The records →

__________________________________________________

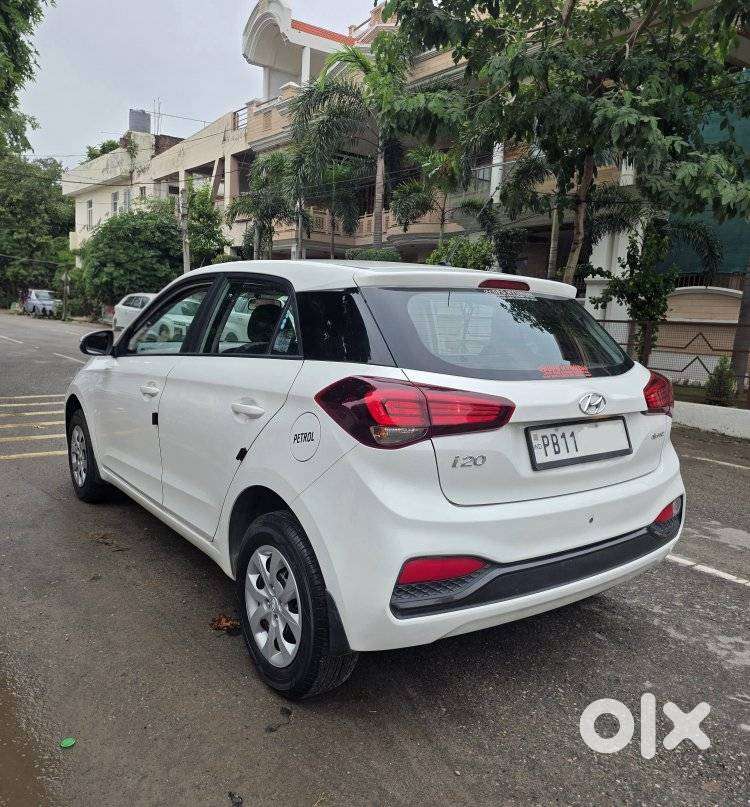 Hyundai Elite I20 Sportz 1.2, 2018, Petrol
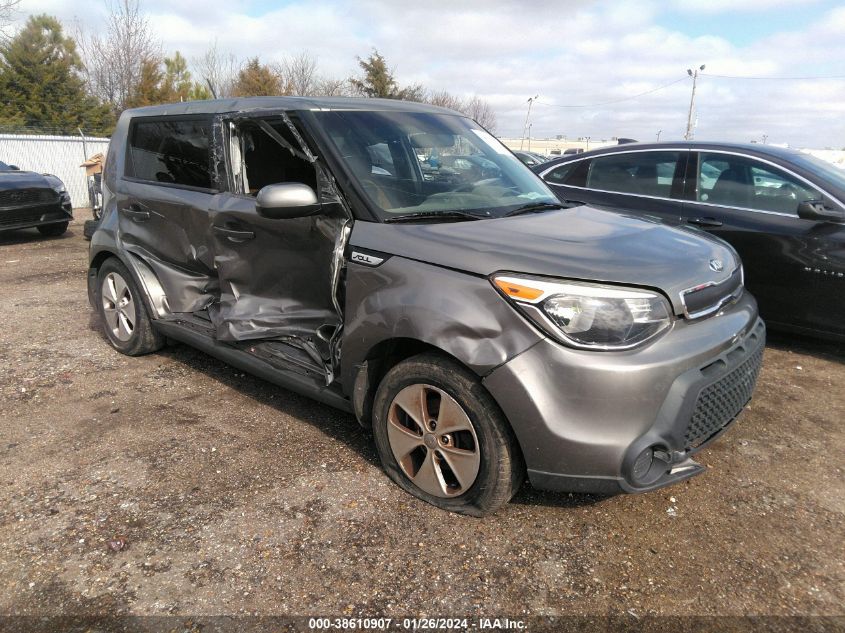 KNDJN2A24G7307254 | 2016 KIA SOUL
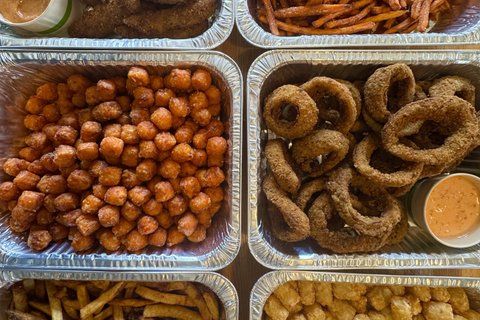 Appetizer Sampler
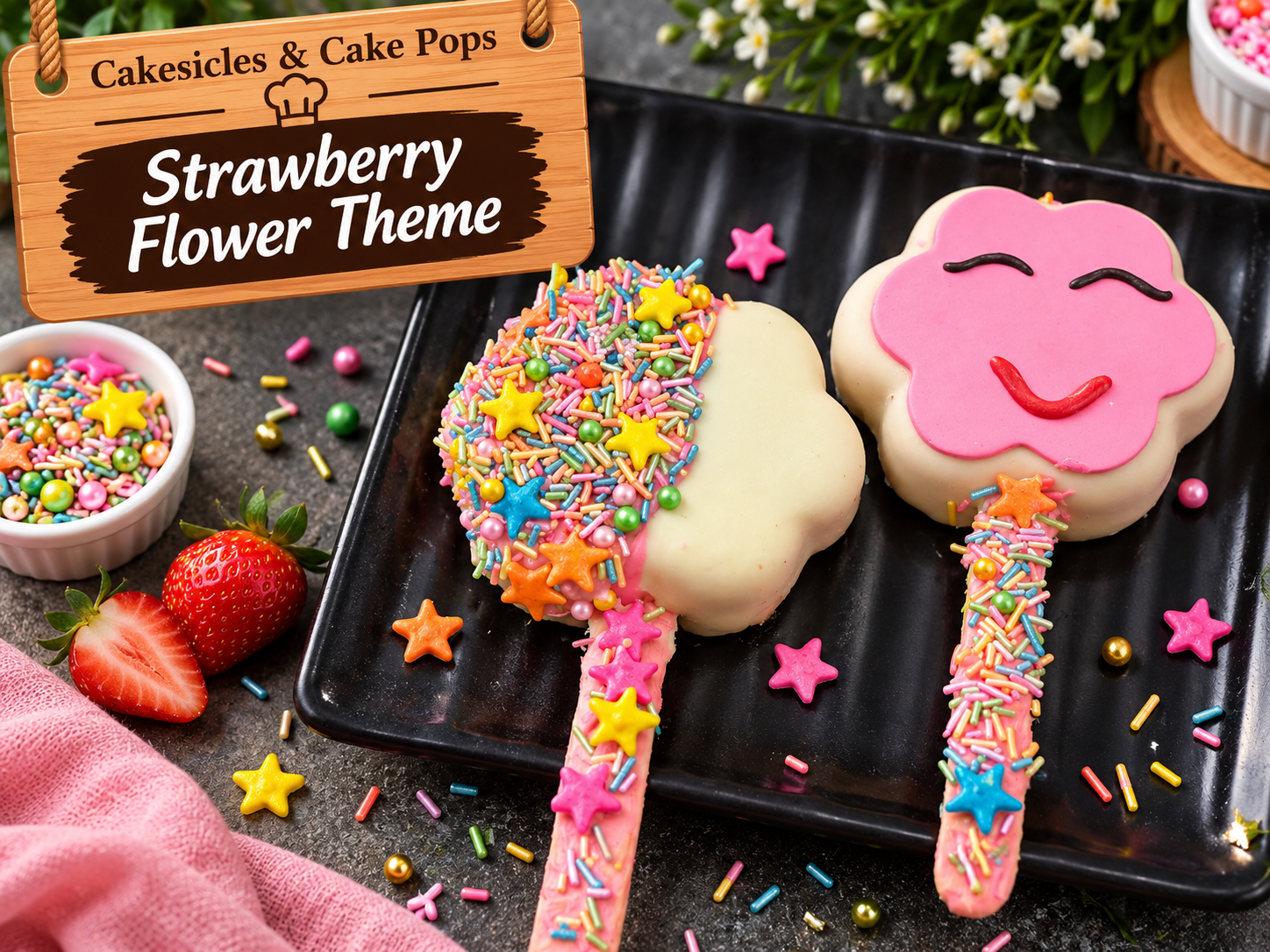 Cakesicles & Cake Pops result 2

__________________________________________________

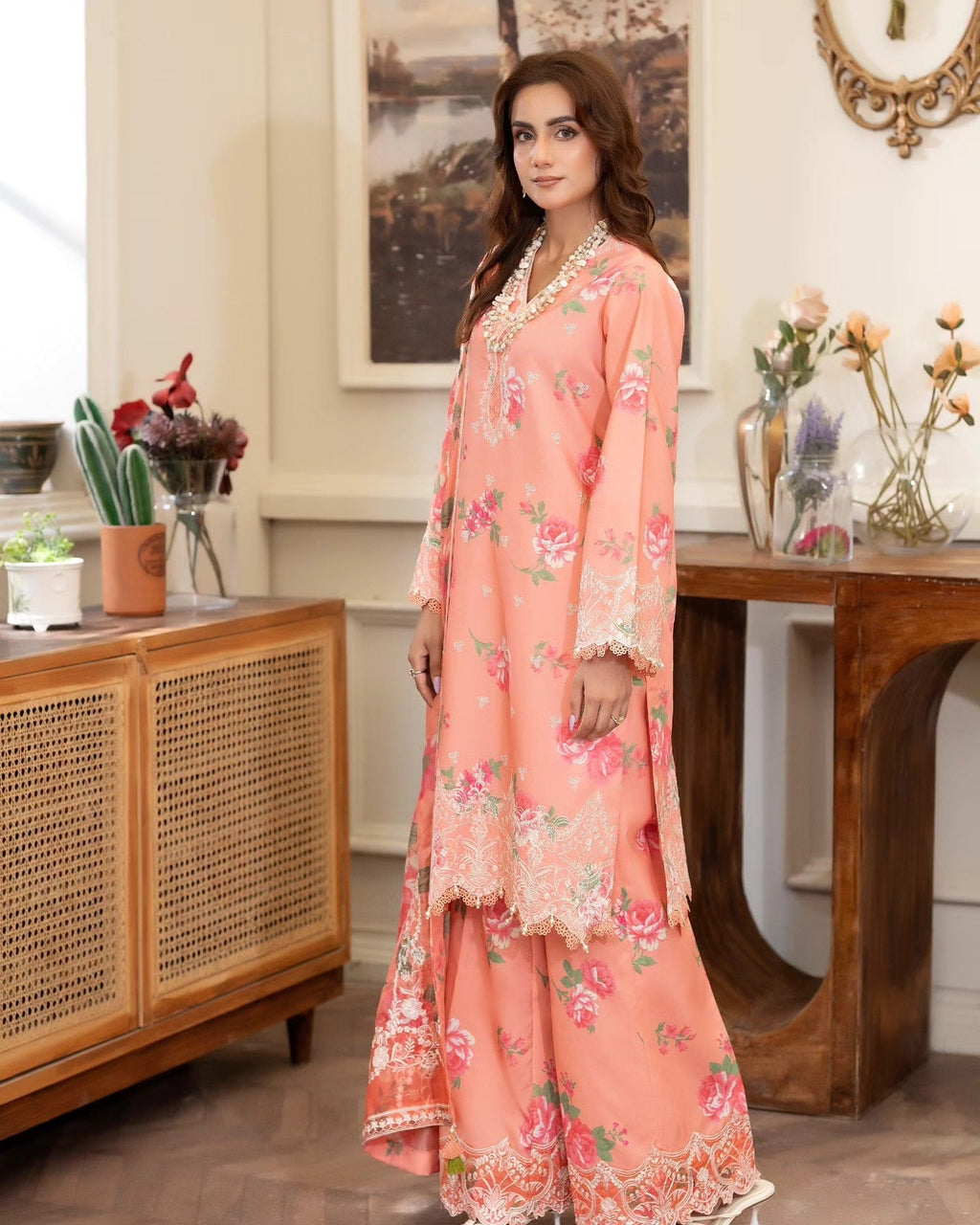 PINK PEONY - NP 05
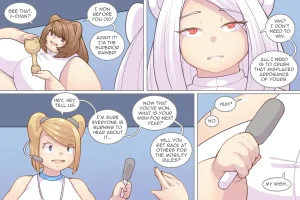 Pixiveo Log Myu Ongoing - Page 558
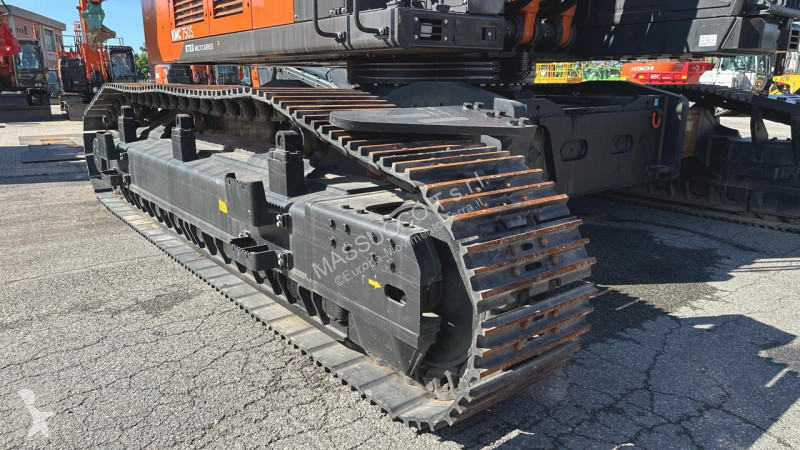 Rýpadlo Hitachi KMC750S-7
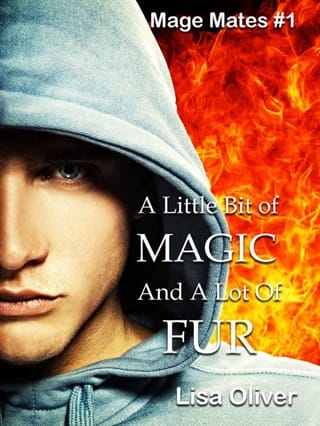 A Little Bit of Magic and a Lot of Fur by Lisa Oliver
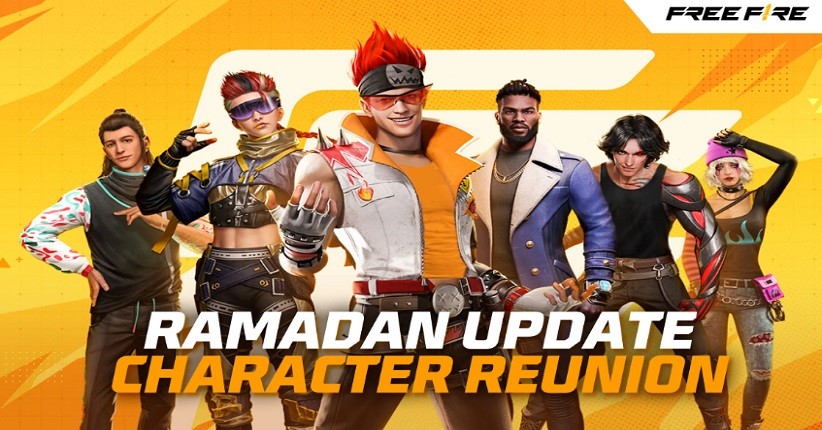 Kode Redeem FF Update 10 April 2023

__________________________________________________

Description of the task →
Look through the material above. Transcribe exactly the lines between the ones with "KNDJN2A24G7307254 | 2016 KIA SOUL" and "Cakesicles & Cake Pops result 2", inclusive, and keep pictures out.

Task result →
 KNDJN2A24G7307254 | 2016 KIA SOUL
 Appetizer Sampler
 Cakesicles & Cake Pops result 2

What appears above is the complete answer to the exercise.